Başbakan Binali Yıldırım, İzmir'in Aliağa ilçesinde sivil toplum kuruluşlarının temsilcileriyle Enka Spor Salonu'nda bir araya geldi.

"Türkiye'nin aydınlık yarınlarının kapısını sizler açacaksınız"

Yıldırım, buradaki konuşmasında, Türkiye'nin büyümesinin, gelişmesinin ve kalkınmasının önünü tıkamaya kiç kimsenin hakkı olmadığını belirterek, "80 model bir darbe anayasasıyla Türkiye'nin bu değişimi gerçekleştirmesi imkansızdır. 16 Nisan yeni bir diriliş yeni bir yükseliş olacak. Geleceğin anahtarı bir kez daha sizin elinizde. İnanıyorum ki 16 Nisan'da vereceğiniz karar ve oylarla Türkiye'nin aydınlık yarınlarının kapısını sizler açacaksınız. Demokrasimize çağ atlatacaksınız." ifadelerini kullandı.  
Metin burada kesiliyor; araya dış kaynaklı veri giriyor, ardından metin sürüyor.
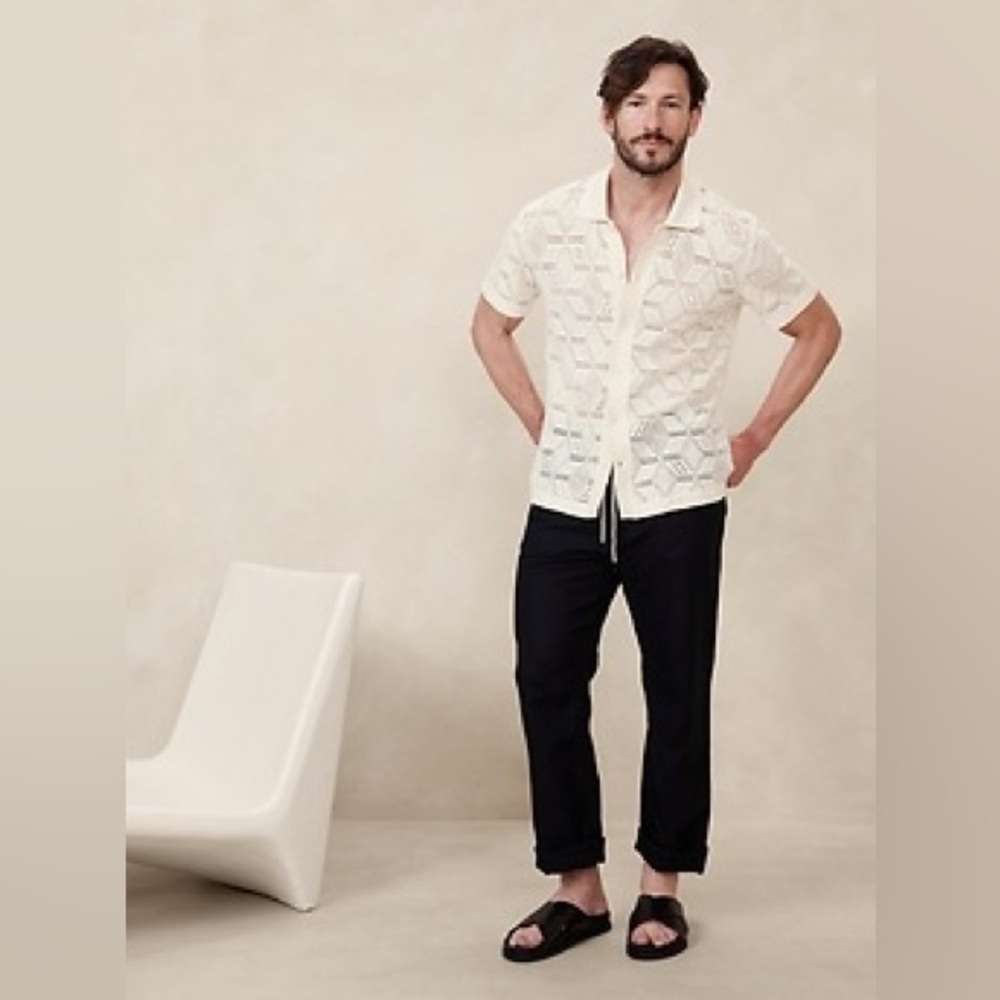 BANANA REPUBLIC HEADLANDS OPEN-KNIT POLO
"Mevcut sistem demokrasinin gelişmesi ve ülkenin daha da büyümesi için yetersiz kalıyor"

7 Haziran ve 1 Kasım seçimlerinde meydanlarda millete söz verdiklerini anımsatan Yıldırım, şöyle konuştu:

"Geçen seçimlerde meydanlarda bu millete yeni bir anayasa sözü verdik. Sadece biz vermedik. Bütün siyasi partiler aynı sözü verdi. O partiler, o sözü verenler ana muhalefet partisi, HDP bölücü parti, bugün 80 model artık ikide bir yolda kalan bu anayasaya o kadar çok sahip çıkıyorlar ki insanın aklı şaşıyor. Bunca yıl sistem sebebiyle çekilen sıkıntılar sanki hiç yokmuş gibi davranıyorlar. Mevcut sistem demokrasinin gelişmesi ve ülkenin daha da büyümesi için yetersiz kalıyor. Vesayetçi anlayış tam da bu nedenden dolayı bu mevcut anayasada ısrar ediyor. İstiyorlar ki bu antidemokratik sistem seçilmişlerin tepesinde sürekli bir Demokles'in kılıcı gibi sallansın. Adına 'parlamenter sistem' dedik ama yıllardır bir türlü bu sistemi demokratik işleyen bir sistem haline getiremedik. Siyaset üzerinde hep baskılar oluştu. Türkiye'yi yönetmek cesaret işi sayıldı."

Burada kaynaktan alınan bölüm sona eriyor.